Given data
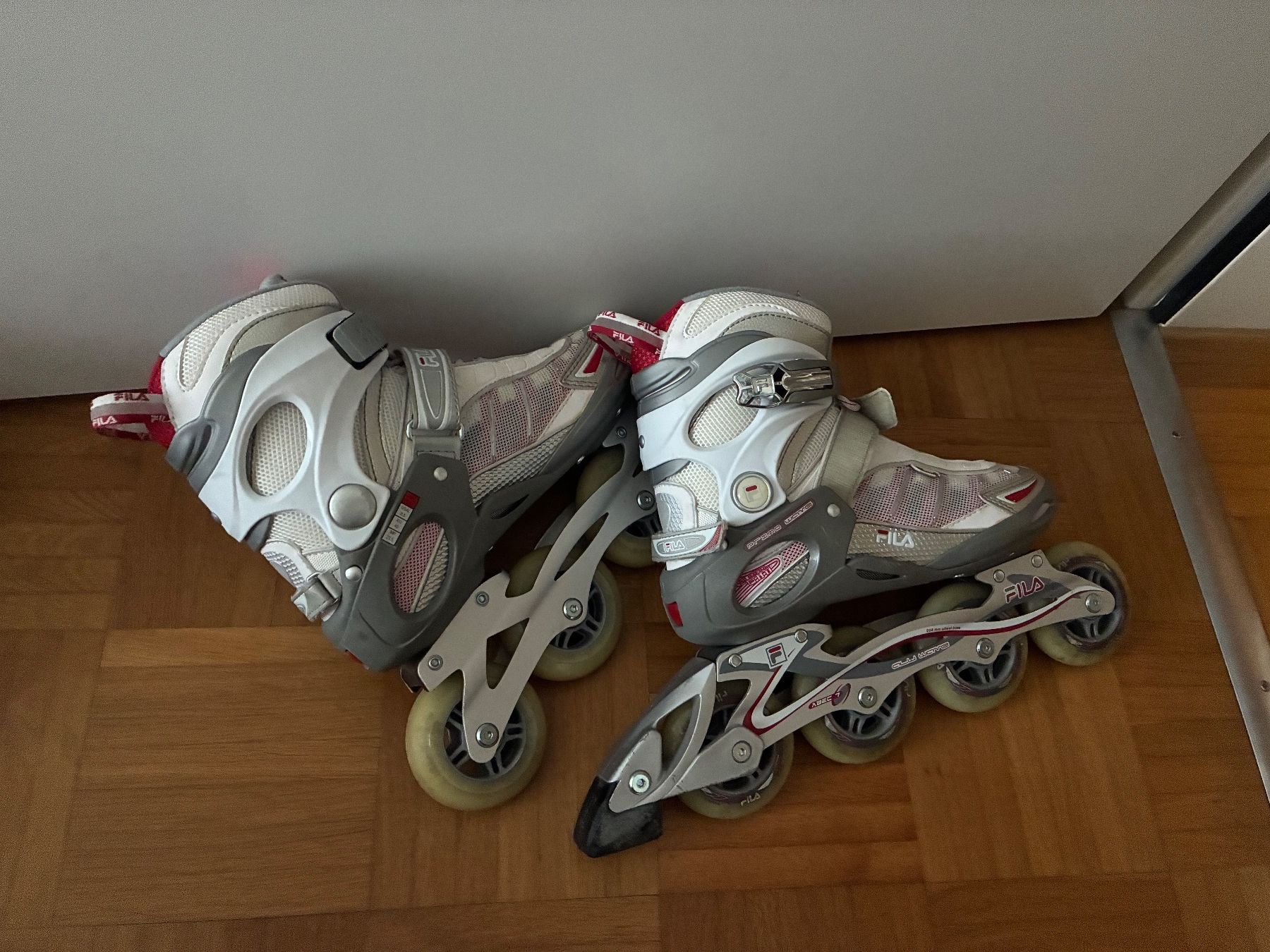 Fila Inline-Skating & Rollschuhe: Inlineskates/ Rollarblades Gr. 40 – Gebraucht aus Luzern von Simona15 1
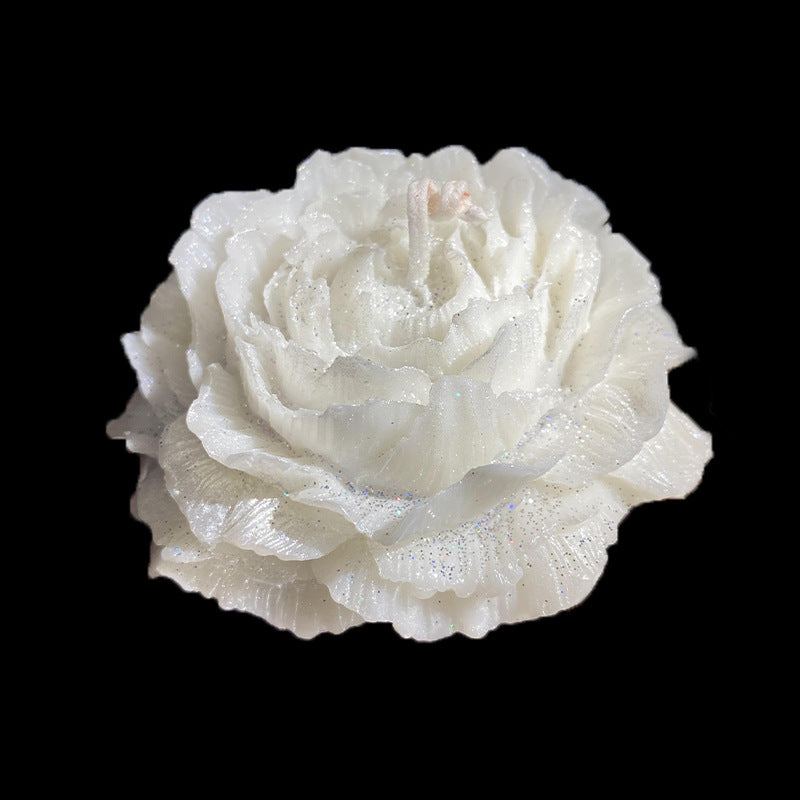 Rose Glow Candles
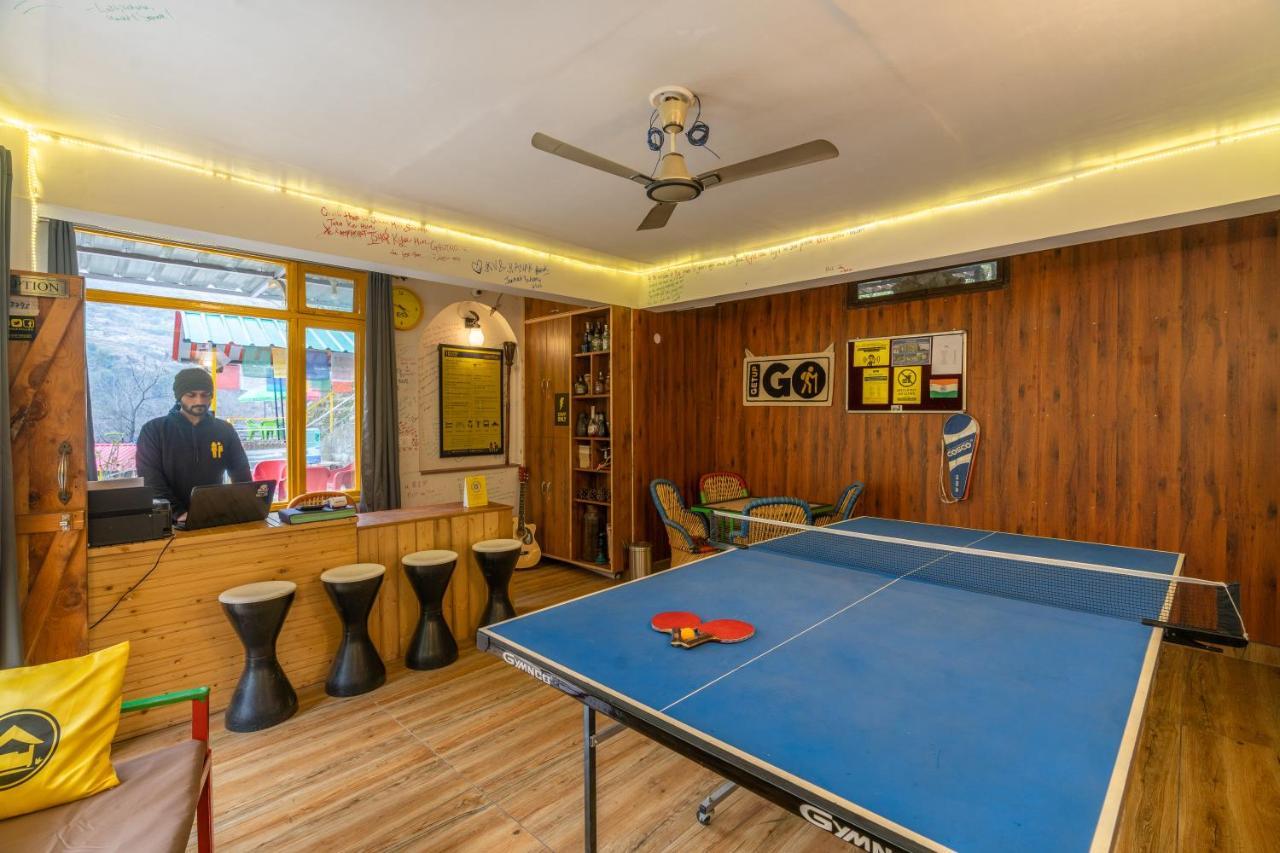 The Hosteller Mussoorie By The Streamside, Kempty 외부 사진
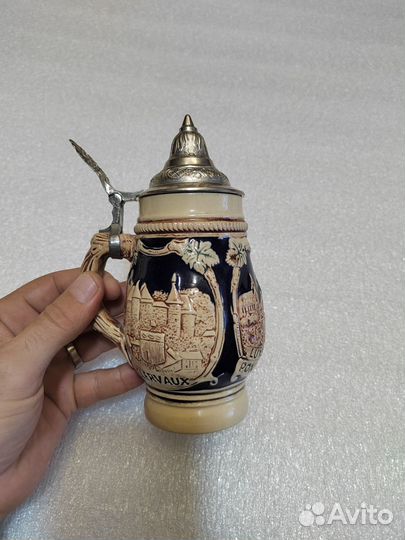 Пивная кружка Германия винтаж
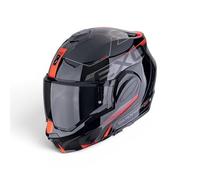 SCORPION Cascos Exo-Tech Evo Traveller Black / Red XL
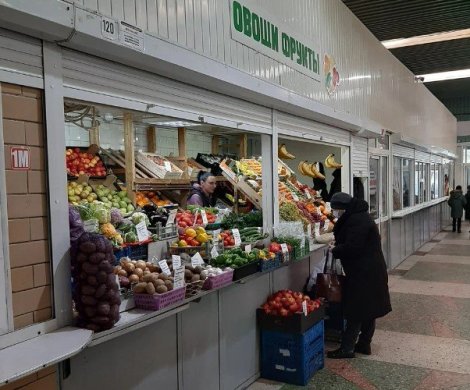 Торговый центр«Чижовский рынок» - фото 2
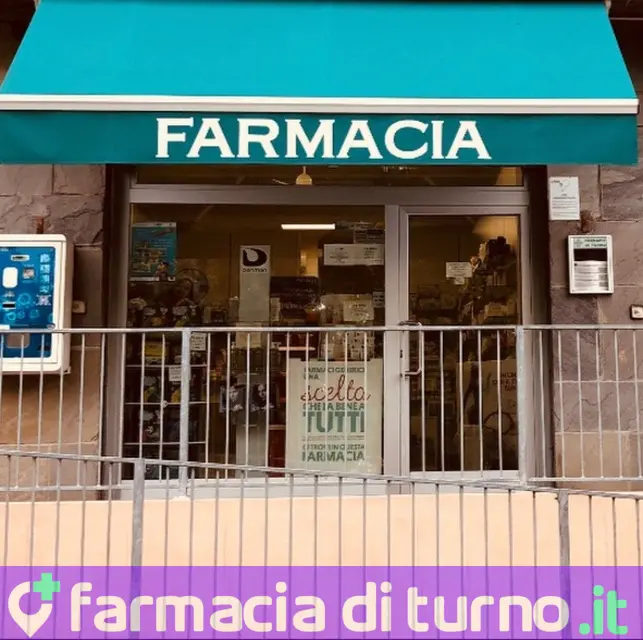 FARMACIA SAN PROSPERO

Your assignment
A complete and exact copy of the records is required. Exclude the pictures.

Completed task
 Fila Inline-Skating & Rollschuhe: Inlineskates/ Rollarblades Gr. 40 – Gebraucht aus Luzern von Simona15 1
 Rose Glow Candles
 The Hosteller Mussoorie By The Streamside, Kempty 외부 사진
 Пивная кружка Германия винтаж
 SCORPION Cascos Exo-Tech Evo Traveller Black / Red XL
 Торговый центр«Чижовский рынок» - фото 2
 FARMACIA SAN PROSPERO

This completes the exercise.